Intensief en gericht
Oomen: “Met de Trap-Eye gaan we veel intensiever, maar vooral ook gerichter scouten. Ik beschouw dit als een digitaal product dat ervoor zorgt dat je gaat vergroenen. Omdat je meer inzicht hebt, plaatsspecifiek in kunt grijpen, heb je minder chemische middelen nodig en kun je meer inzetten op biologie.”
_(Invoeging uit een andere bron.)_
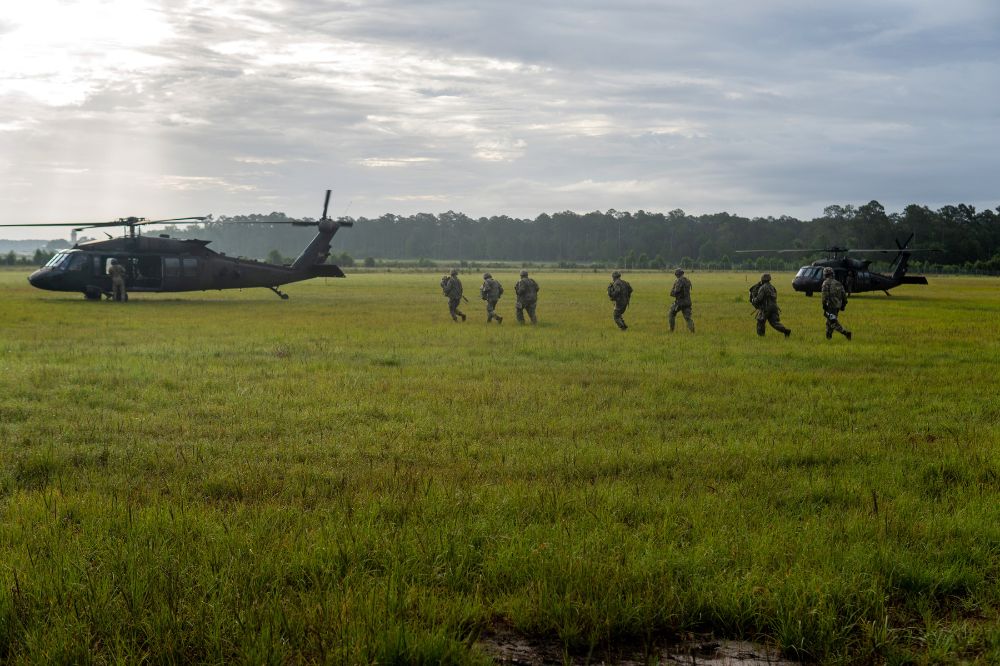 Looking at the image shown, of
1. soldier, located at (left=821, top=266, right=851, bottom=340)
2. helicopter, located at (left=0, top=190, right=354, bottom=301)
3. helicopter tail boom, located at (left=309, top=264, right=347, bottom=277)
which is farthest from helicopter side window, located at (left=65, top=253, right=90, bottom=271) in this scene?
soldier, located at (left=821, top=266, right=851, bottom=340)

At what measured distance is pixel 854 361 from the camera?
14883 mm

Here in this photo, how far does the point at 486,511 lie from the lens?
5688 millimetres

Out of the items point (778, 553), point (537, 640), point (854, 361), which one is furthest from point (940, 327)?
point (537, 640)

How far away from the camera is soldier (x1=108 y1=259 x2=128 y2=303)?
29641mm

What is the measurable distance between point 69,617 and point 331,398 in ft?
21.3

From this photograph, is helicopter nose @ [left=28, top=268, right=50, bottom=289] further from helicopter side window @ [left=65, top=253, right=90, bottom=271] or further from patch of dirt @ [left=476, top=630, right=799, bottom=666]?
patch of dirt @ [left=476, top=630, right=799, bottom=666]

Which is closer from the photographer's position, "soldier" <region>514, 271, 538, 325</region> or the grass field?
the grass field

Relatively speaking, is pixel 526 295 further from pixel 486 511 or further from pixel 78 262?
pixel 78 262

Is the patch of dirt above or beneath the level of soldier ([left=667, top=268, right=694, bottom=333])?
beneath

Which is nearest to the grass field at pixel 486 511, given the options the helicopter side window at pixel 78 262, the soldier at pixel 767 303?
the soldier at pixel 767 303

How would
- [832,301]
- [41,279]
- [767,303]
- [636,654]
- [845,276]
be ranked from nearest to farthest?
1. [636,654]
2. [832,301]
3. [767,303]
4. [41,279]
5. [845,276]

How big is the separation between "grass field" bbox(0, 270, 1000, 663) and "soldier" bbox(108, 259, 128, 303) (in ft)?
57.2

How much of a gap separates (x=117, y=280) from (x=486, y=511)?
90.8 feet

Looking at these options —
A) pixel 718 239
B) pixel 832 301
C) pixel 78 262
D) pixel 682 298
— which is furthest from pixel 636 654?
pixel 718 239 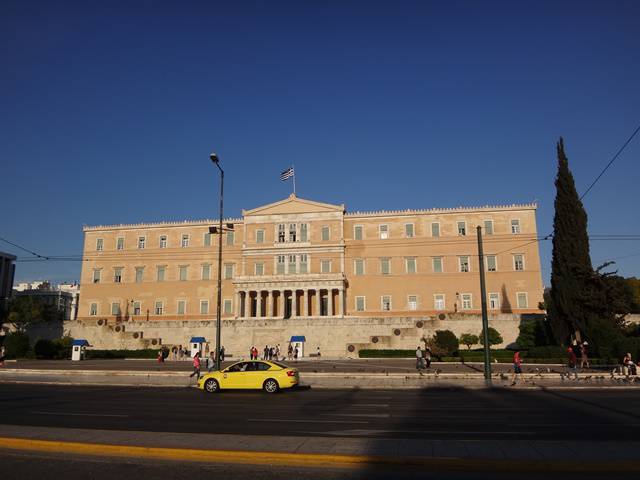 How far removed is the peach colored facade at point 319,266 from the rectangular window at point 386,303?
0.45ft

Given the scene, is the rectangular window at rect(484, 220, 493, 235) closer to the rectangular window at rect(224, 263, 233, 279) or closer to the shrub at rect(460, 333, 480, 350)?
the shrub at rect(460, 333, 480, 350)

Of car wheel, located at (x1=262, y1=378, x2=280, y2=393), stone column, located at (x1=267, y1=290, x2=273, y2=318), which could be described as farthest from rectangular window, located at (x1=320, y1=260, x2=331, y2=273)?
car wheel, located at (x1=262, y1=378, x2=280, y2=393)

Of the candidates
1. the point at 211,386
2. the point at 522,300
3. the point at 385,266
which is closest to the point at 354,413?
the point at 211,386

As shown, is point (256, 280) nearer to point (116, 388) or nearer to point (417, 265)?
point (417, 265)

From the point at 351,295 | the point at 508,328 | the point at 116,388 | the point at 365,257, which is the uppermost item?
the point at 365,257

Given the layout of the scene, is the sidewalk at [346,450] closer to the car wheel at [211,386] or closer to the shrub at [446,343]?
the car wheel at [211,386]

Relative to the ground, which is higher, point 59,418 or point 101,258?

“Lange tijd heeft de akkerbouw naar de tuinbouw gekeken als het om nieuwe toepassingen gaat, tegenwoordig zie je steeds ook de omgekeerde beweging. Zo zetten tuinbouwers steeds vaker biostimulanten in, in plaats van grond ieder jaar te stomen. Ook nemen zij de techniek van spotspraying over. Bij de Trap-Eye gebruiken we eigenlijk dezelfde methode: alleen daar ingrijpen waar het echt nodig is, en de rest van je gewas met rust laten.”
Kijken naar het geheel
In de synergie tussen akkerbouw en tuinbouw ligt volgens beide mannen ook de kracht van Van Iperen. Doordat het bedrijf in beide sectoren actief is, is er veel kennisoverdracht over en weer. Daar hebben de verschillende sectoren veel profijt van. Van Helvoort: “Ik weet niet beter dan dat we klant zijn bij Van Iperen. Dat is een lange en hechte relatie. Ze zijn niet alleen leverancier van gewasbeschermingsmiddelen en meststoffen, maar denken mee en adviseren ons in alles wat met de teelt te maken heeft.” Oomen: “Door mijn studie toegepaste biologie heb ik geleerd om overal vraagtekens bij te zetten. Heel veel dingen weten we gewoon niet. Afgelopen jaar is hier overal LED-belichting geïnstalleerd. Dat heeft gevolgen voor de temperatuur in de kas en dat heeft weer effect op de biologie. Is de temperatuur lager, dan is de roofmijt minder actief en dat is een risico voor je bestrijding. We moeten dan ook steeds meer naar het geheel kijken om meer over deze effecten te leren.”